MOTORISTS can be seen entering and leaving St Hill St via six different streets and 12 different directions. However, were any motorist to rely on a street sign to assist them, they have a problem. There is only one street sign to be found anywhere in St Hill St and that is at the Dublin St end.
The other 16 road signs, previously found at the six intersections, have been removed and not replaced.
What is the reason for this? None of the street names have changed and "awaiting new signs" is not an excuse. Nor is "completion of the improvements for cyclists" as these appear to have been completed, so why have the signs not been replaced?
Their absence, coupled with the existing inadequate turning lane markings on St Hill St — which are obscured to other motorists as soon as one vehicle has to stop at the intersection — are a damning sign of council mismanagement and incompetence.
We road users deserve better and demand to know when the traffic management team employed by the Wanganui District Council will start to undertake its duties in a responsible and accountable manner.
Quality of life
How money works, G.R. Scown, depends on what goal is to be achieved.
While many examples exist of governments around the world wasting money there are also many examples of corporations wasting money at the cost of wealth generation.
Governments have taxpayers to help overcome cash shortages, while companies have shareholders and in some cases the taxpayers. Remember the bail-outs of banks a few years ago, which was not the first time companies have been bailed out by taxpayers.
Wealth creation is one way to use money, however the continuing existence of the inequality gap would appear to indicate this use of money is favouring a few, not the majority.
All governments have several objectives they are wanting to achieve when they set tax rates. In Denmark, where the lowest individual tax rate for 2019 is 55.8 per cent, nine out of 10 people, when surveyed, said they happily paid their taxes. For them it is not about wealth creation but investing in their society or "purchasing a quality of life".

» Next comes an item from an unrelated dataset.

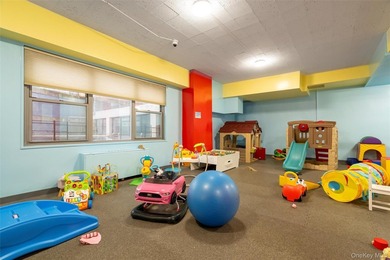 Experience the luxury living at the distinguished ?o-op. Nestled - photo 37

In 2016 and 2017 Denmark was found to be the happiest nation in the world and although Finland replaced them at the top in 2018 and 2019, Denmark only slipped one place to second happiest. The US, where wealth creation is top priority, has dropped from 14th place in 2017 to 19th in 2019.
What the Danish government is attempting to do is ensure as best they can that the physiological needs of their society are attended to. To achieve that, the citizens are willing to pay high tax rates, high when compared to most other countries of the world.

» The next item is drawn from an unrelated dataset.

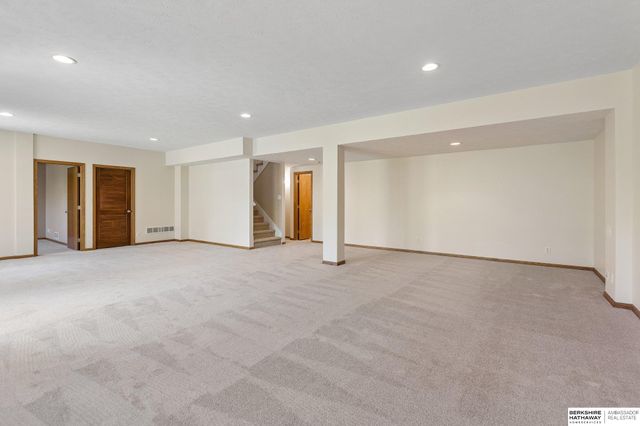 19601 Blaine Circle, Omaha, NE 68135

Its projected 10th placing in the GDP per capita ranking for 2019 by the IMF indicates they are not sacrificing the creation of wealth.
While Aotearoa is placed as the eighth happiest nation, work obviously needs to be done. By providing for future generations' physiological needs when looking to pass laws, we could ensure we are purchasing a quality of life, just as Denmark is doing for its citizens.
Capital gains tax
The game is over with the capital gains tax. The property speculators and their media mavens won.

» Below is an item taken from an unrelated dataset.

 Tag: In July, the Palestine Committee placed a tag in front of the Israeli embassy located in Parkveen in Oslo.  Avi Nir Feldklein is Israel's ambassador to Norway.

The talk on capital gains tax had been fraught by media right-wing bluster with dishonest headlines like "Capital gains tax could blow up Kiwi tax system" and "Capital gains tax punishes hard work". The AM Show's well-heeled pundits guffawed, "Great work, Labour, you bunch of socialist twits".
The far-right wing Taxpayers' Union has been funding a vast social media and email campaign to unfairly discredit the CGT. After the initial tax briefing a month ago,
Newshub's Tova O'Brien chased Winston Peters down the hall of parliament yelling at him repeatedly that "Capital gains tax doesn't work anywhere!".
If this tax doesn't work, why do all responsibly prosperous nations continue to use it? Surely, with daily reports of cracks in the health, education system, poverty and housing, we could use some extra income. After all, any cursory look at the OECD website demonstrates that we have one of the lowest tax burdens, while we spend comparatively little. And it shows.
Scare tactics like rent increases should be looked at closely. There is no intrinsic reason to raise rents. Capital gains are not taken until the property is sold. Regulations as those that exist in most developed nations on rent controls would easily stop rent gouging.
Landlords are now making off like bandits ... still tax-free when the bright line is honoured. Trader status is rarely enforced.
Few Kiwis other than speculators would have actually been affected. Additionally, the Labour-led coalition admitted that the CGT proposal could have been modified to include tweaks to account for renovations, improvements and inflation.
Still, the latest poll at the end of March by new Horizon Research showed that almost 10 per cent more approved of the tax than opposed. But some powerful people who have profited greatly at our expense under neo-liberalism had a lot to lose.
They appear to have gotten to a spineless New Zealand First, who torpedoed the tax. We all lose.